Green, 33, has been writing and performing songs since his days as a student at Texas Tech University. He was born in San Antonio, raised in Waco, and now is based in Austin.

He became a Lone Star State icon playing the bar circuit, but his fame never caught fire elsewhere.

Green sold more than 300,000 albums before signing with a major record label, which he did with Republic/Universal in 2001. He’s enjoying finally being in a brighter spotlight.

“It seems like everything, to me, is working in the right direction,” he says. “It kind of lets me have two or three careers. It’s difficult for people to jump on a band and stay on for a long, long time. So to keep having fresh blood is really great.”

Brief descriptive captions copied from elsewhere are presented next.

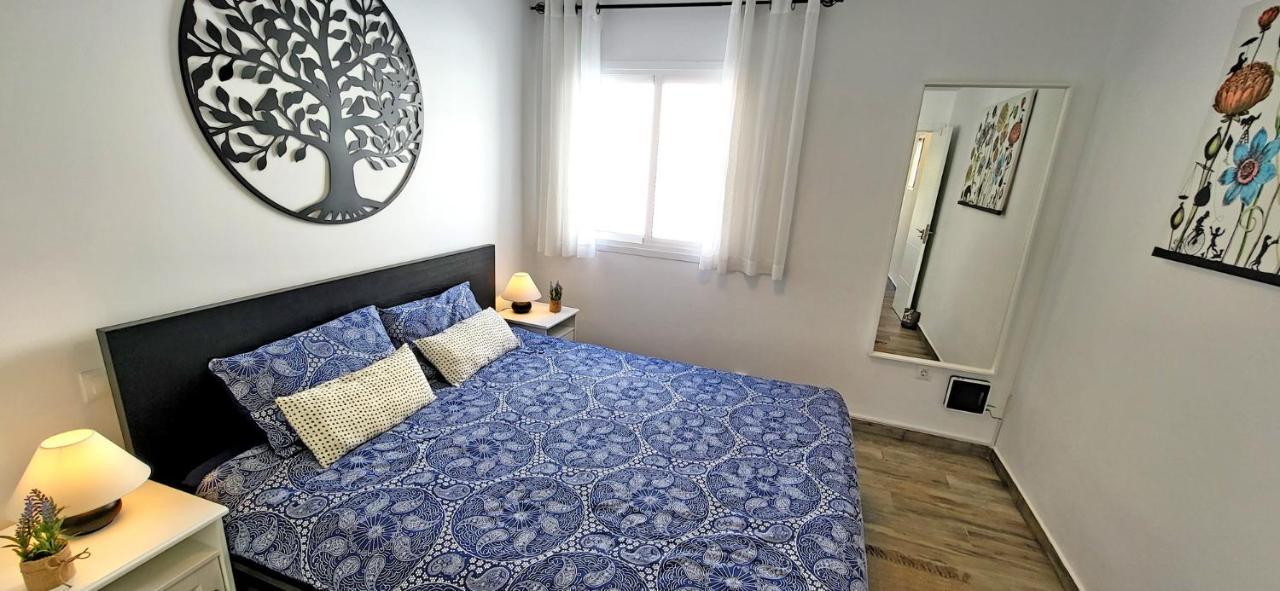 Ferienwohnung Las Palmeras Tarajalejo Exteriör bild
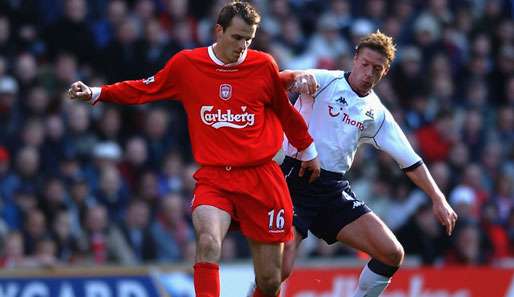 Steffen Freund bestritt 102 Premier-League-Spiele für Tottenham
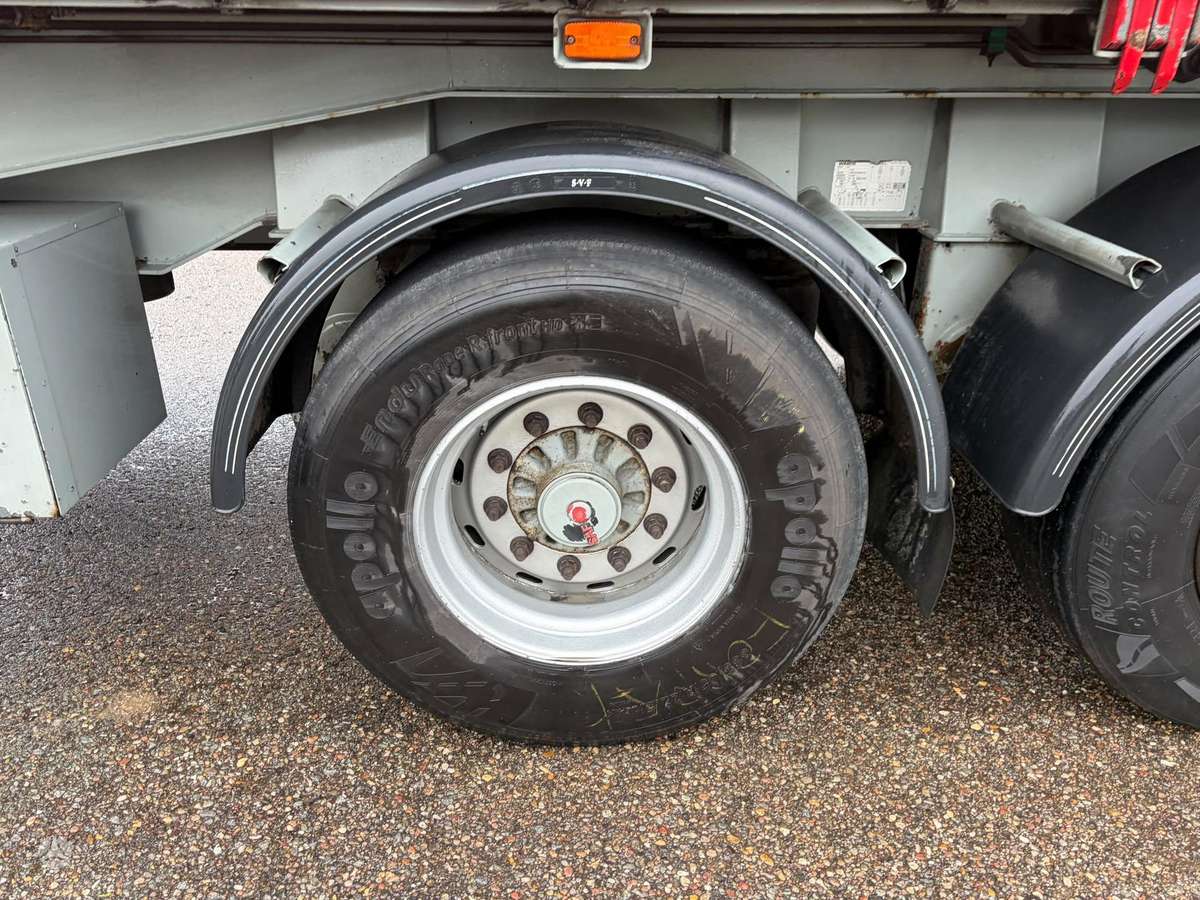 SVF 34 m3, dumper / tipper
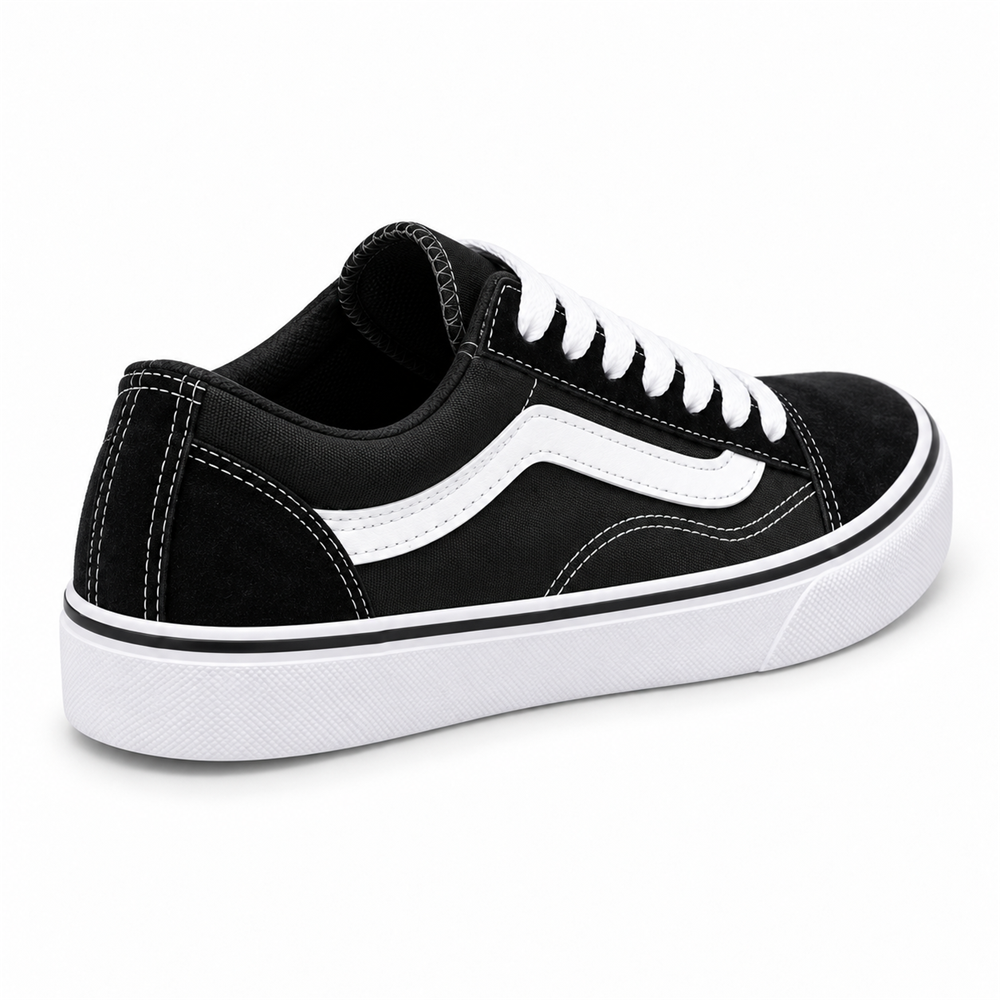 Tênis Inspiração Vans Preto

While vowing to stay true to his Texas roots, Green says focusing on climbing the country charts and getting TV exposure will only help his career.

“Radio play and being part of the media and in the public eye, those things – you can’t put a price tag on them if you’re going to try to be in showbiz,” Green says. “This is showbiz, right? You’ve got to be in the public.”

Green now has 10 albums under his belt and has been nominated for three Grammys – Best Country Song in 2003 and 2004, and Best Country Performance in 2003.

On his most recent album, “The Lucky Ones,” Green co-wrote two songs with Rob Thomas, the Matchbox Twenty frontman. He also co-wrote a song with fellow country singer Brad Paisley.

“My dad was always kind of a guy that said you have to learn the whole craft,” Green says. “I think I’d be incomplete without (songwriting). Then again, there are guys out there, they’re doing really great in country music and it’s just not important to them to write a song. And I don’t have anything against that at all.”

Green’s music has been called traditional country, alt-country and “Texas country.” He says he’s as comfortable in a college-town bar as he is in a Texas dance hall.

And he doesn’t worry about how he gets categorized.

“You could call my music Chinese polka if you like it,” he says. “I don’t sit down and write country music. Nor do I sit down to write rock and roll or anything else. I just sit down to write my music. And if it comes out a certain way or another and you dig it, man, I’m all about that.”